Problem> You are asked to write out the full listing exactly as it stands.

Excerpted data>
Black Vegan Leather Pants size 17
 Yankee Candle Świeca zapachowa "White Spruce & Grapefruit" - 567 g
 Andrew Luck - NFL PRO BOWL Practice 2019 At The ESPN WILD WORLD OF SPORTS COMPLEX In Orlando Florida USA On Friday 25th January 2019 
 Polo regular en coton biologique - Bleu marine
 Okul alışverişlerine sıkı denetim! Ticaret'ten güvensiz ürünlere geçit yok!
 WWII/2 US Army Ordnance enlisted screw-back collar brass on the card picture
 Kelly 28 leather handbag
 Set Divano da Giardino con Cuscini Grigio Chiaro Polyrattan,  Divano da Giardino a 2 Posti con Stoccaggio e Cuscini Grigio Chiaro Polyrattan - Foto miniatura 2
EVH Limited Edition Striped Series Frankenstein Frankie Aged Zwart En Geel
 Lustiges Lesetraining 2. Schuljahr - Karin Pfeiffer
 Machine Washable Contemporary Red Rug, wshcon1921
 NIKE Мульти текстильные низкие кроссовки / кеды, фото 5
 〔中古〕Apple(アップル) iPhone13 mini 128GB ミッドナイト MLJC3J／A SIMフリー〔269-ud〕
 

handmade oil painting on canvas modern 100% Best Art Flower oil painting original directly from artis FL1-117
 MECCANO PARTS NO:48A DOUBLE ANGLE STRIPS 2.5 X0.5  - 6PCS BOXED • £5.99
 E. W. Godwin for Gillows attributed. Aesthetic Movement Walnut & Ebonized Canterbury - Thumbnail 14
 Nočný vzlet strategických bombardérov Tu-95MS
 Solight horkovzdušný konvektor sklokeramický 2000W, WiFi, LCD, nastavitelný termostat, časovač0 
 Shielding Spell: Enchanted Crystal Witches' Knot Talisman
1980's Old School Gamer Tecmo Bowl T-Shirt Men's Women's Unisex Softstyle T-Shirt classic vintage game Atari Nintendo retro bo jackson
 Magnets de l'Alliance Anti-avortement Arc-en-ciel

Output below>
Black Vegan Leather Pants size 17
 Yankee Candle Świeca zapachowa "White Spruce & Grapefruit" - 567 g
 Andrew Luck - NFL PRO BOWL Practice 2019 At The ESPN WILD WORLD OF SPORTS COMPLEX In Orlando Florida USA On Friday 25th January 2019 
 Polo regular en coton biologique - Bleu marine
 Okul alışverişlerine sıkı denetim! Ticaret'ten güvensiz ürünlere geçit yok!
 WWII/2 US Army Ordnance enlisted screw-back collar brass on the card picture
 Kelly 28 leather handbag
 Set Divano da Giardino con Cuscini Grigio Chiaro Polyrattan,  Divano da Giardino a 2 Posti con Stoccaggio e Cuscini Grigio Chiaro Polyrattan - Foto miniatura 2
EVH Limited Edition Striped Series Frankenstein Frankie Aged Zwart En Geel
 Lustiges Lesetraining 2. Schuljahr - Karin Pfeiffer
 Machine Washable Contemporary Red Rug, wshcon1921
 NIKE Мульти текстильные низкие кроссовки / кеды, фото 5
 〔中古〕Apple(アップル) iPhone13 mini 128GB ミッドナイト MLJC3J／A SIMフリー〔269-ud〕
 

handmade oil painting on canvas modern 100% Best Art Flower oil painting original directly from artis FL1-117
 MECCANO PARTS NO:48A DOUBLE ANGLE STRIPS 2.5 X0.5  - 6PCS BOXED • £5.99
 E. W. Godwin for Gillows attributed. Aesthetic Movement Walnut & Ebonized Canterbury - Thumbnail 14
 Nočný vzlet strategických bombardérov Tu-95MS
 Solight horkovzdušný konvektor sklokeramický 2000W, WiFi, LCD, nastavitelný termostat, časovač0 
 Shielding Spell: Enchanted Crystal Witches' Knot Talisman
1980's Old School Gamer Tecmo Bowl T-Shirt Men's Women's Unisex Softstyle T-Shirt classic vintage game Atari Nintendo retro bo jackson
 Magnets de l'Alliance Anti-avortement Arc-en-ciel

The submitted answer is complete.